Narcissistic Nobody Posted November 13, 2013 Posted November 13, 2013 What does it mean if you're in a good committed relationship but you're partner has NEVER said I love you.....nor will confirm their feelings after 8 months? I'm feeling a bit conflicted about how or if I should continue.
clia Posted November 13, 2013 Posted November 13, 2013 I personally think no "I love you" after eight months is a huge red flag. What do you mean they won't confirm their feelings? I think we need more information about your relationship to help you. 1
Ninjainpajamas Posted November 13, 2013 Posted November 13, 2013 I'd think you're a fool for being in it...and ponder what exactly a "good relationship" is to you...guess it's worth the "commitment" to some. 1
Author Narcissistic Nobody Posted November 13, 2013 Author Posted November 13, 2013 Thank you Clia. I've flat out asked him....he just won't say it....but he treats me like he does. He said that if "I love you" was a deal breaker....then so be it.
clia Posted November 13, 2013 Posted November 13, 2013 Thank you Clia. I've flat out asked him....he just won't say it....but he treats me like he does. He said that if "I love you" was a deal breaker....then so be it. It would be a dealbreaker for me. His refusal to say it points to bigger issues. 3
Author Narcissistic Nobody Posted November 13, 2013 Author Posted November 13, 2013 I think you're right. Just needed to hear it from an outside source. Thank you again.
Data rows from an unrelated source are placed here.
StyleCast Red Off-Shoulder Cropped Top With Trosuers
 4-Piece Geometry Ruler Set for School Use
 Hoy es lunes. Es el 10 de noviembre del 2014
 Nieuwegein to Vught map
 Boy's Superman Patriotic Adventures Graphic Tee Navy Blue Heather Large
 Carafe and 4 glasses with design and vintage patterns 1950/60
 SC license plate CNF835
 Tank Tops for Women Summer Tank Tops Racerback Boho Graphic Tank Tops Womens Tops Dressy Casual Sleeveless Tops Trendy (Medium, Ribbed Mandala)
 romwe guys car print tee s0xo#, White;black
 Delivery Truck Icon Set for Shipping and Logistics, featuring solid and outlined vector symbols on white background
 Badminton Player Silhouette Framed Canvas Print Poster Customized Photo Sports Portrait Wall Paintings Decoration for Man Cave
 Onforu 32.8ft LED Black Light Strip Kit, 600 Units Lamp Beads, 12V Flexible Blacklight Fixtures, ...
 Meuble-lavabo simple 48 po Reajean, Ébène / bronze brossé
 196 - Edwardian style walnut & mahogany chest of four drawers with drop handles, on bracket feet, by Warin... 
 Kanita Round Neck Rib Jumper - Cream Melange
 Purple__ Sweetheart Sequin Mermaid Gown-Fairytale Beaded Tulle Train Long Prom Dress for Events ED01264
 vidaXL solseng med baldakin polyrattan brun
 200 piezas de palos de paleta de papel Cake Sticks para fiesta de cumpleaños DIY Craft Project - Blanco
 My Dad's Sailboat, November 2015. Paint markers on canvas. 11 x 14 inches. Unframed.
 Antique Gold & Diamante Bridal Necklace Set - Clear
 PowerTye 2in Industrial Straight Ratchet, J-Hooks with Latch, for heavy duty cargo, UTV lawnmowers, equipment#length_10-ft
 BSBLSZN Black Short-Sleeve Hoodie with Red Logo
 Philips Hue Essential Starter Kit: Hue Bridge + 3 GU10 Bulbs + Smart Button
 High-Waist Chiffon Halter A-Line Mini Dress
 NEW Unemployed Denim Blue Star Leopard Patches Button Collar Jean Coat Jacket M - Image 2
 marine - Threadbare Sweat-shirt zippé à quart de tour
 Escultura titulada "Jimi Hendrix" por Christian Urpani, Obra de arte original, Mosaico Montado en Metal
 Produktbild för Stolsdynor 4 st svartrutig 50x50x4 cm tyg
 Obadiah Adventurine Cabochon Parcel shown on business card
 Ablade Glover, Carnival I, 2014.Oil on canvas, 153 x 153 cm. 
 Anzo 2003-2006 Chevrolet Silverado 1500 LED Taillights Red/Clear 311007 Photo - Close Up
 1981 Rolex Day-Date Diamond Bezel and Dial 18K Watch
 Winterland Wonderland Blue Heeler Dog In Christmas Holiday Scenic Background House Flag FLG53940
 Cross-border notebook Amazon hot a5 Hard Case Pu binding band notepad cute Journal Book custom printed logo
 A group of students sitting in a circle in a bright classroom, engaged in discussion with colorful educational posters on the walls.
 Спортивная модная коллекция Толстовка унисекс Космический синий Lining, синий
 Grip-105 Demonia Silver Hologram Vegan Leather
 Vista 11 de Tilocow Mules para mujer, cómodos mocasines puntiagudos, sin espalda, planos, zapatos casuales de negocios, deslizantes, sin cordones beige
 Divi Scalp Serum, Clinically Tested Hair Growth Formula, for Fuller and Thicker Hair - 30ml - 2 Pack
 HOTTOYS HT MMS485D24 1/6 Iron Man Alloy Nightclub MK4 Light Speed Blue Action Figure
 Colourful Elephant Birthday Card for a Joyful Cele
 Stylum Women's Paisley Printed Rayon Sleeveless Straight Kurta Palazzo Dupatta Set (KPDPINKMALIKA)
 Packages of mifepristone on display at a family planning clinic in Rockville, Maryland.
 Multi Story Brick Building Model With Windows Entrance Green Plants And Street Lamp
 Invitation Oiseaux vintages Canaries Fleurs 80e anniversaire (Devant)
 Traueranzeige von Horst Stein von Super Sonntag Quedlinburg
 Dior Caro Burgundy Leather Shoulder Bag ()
soccerrprp Posted November 13, 2013 Posted November 13, 2013 Thank you Clia. I've flat out asked him....he just won't say it....but he treats me like he does. He said that if "I love you" was a deal breaker....then so be it. There are a few who will argue that his actions are enough. But, I have always said....not quite. His actions AND words are enough. His flippant response is clearly a red flag. 1
jba10582 Posted November 13, 2013 Posted November 13, 2013 In my brain I argue that the interconnectness you both feel is enough. But I'll never win the argument. 1
Author Narcissistic Nobody Posted November 13, 2013 Author Posted November 13, 2013 His actions ARE enough to make me feel loved...but I'm a girl...and I want to hear it! He tells his kids...his parents...his sisters...so it's in his vocabulary.
d0nnivain Posted November 13, 2013 Posted November 13, 2013 Him not saying it is a problem. Him telling you that if him not saying it is a deal breaker for you then "so be it" SCREAMS that he doesn't really care. If you need the words, you may be SOL. If you are willing to accept his actions then hush up about the lack of words. 2
Author Narcissistic Nobody Posted November 13, 2013 Author Posted November 13, 2013 If I can't get an "I love you" after 8 months...........I suppose I'll never get a "will you marry me". I'll be moving on. Thanks for your comments.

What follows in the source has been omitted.